*** Block opens ***
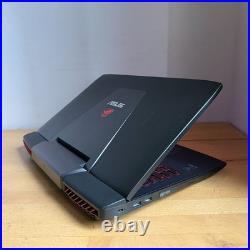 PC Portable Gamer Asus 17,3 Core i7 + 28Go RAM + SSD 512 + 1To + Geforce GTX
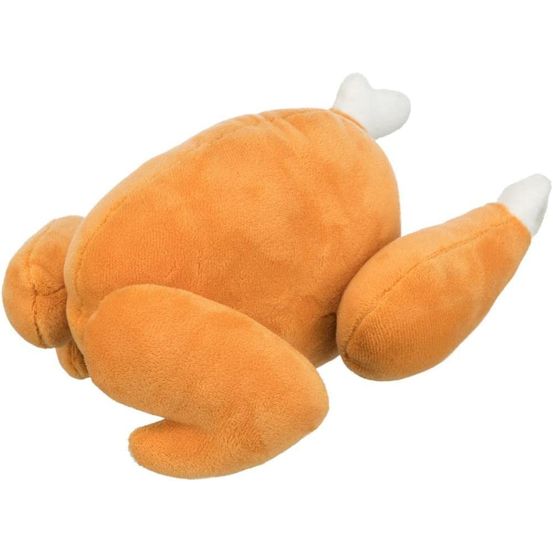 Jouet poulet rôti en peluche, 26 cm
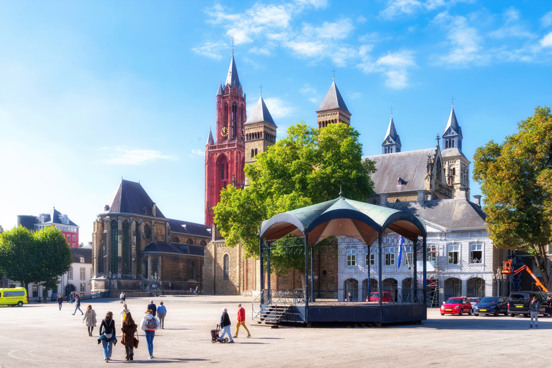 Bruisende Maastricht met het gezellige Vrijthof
*** Block closes ***
*** Block opens ***
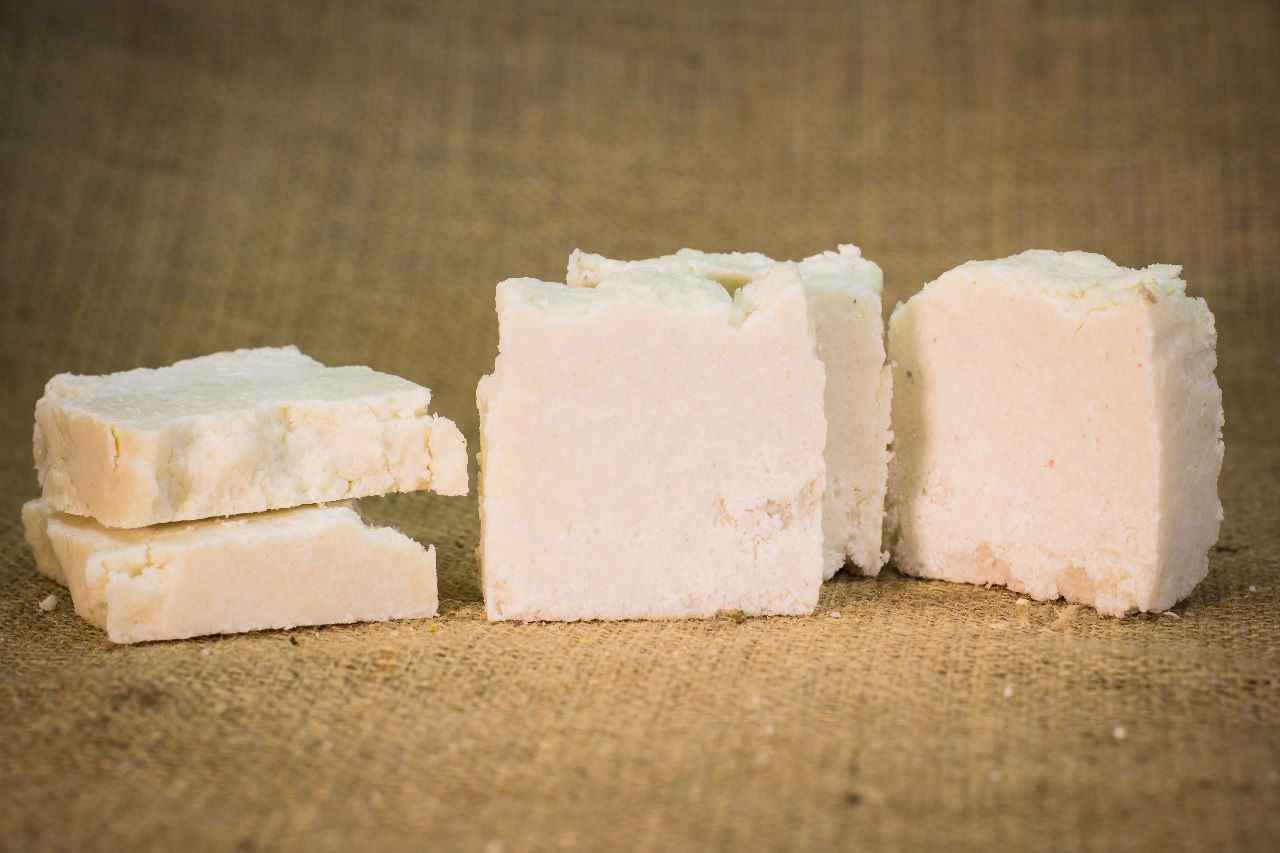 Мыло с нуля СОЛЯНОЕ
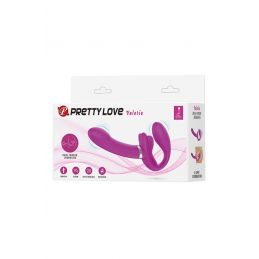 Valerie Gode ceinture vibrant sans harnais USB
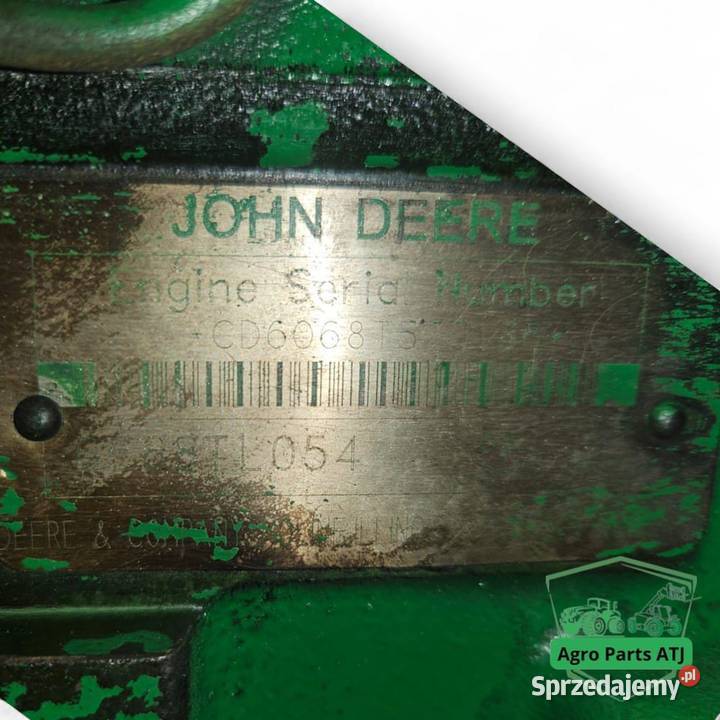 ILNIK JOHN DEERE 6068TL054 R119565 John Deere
*** Block closes ***
*** Block opens ***
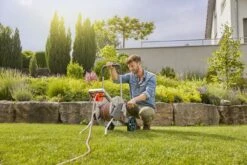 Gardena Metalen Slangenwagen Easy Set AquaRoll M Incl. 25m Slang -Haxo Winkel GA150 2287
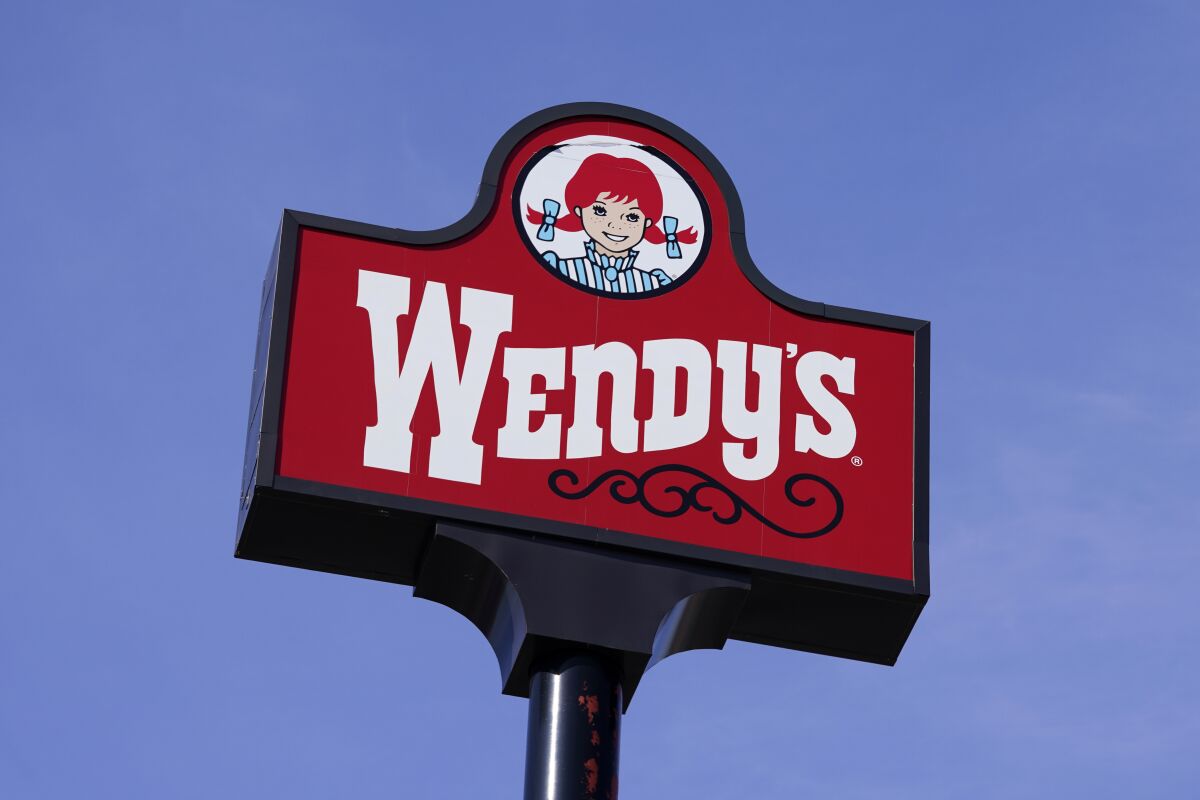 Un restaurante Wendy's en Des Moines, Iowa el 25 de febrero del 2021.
*** Block closes ***
(Task description):
When you reach the line holding "Мыло с нуля СОЛЯНОЕ" in the listing above, begin retyping exactly, and stop once the line holding "ILNIK JOHN DEERE" is done; pictures stay out.

(Exercise result):
 Мыло с нуля СОЛЯНОЕ
 Valerie Gode ceinture vibrant sans harnais USB
 ILNIK JOHN DEERE 6068TL054 R119565 John Deere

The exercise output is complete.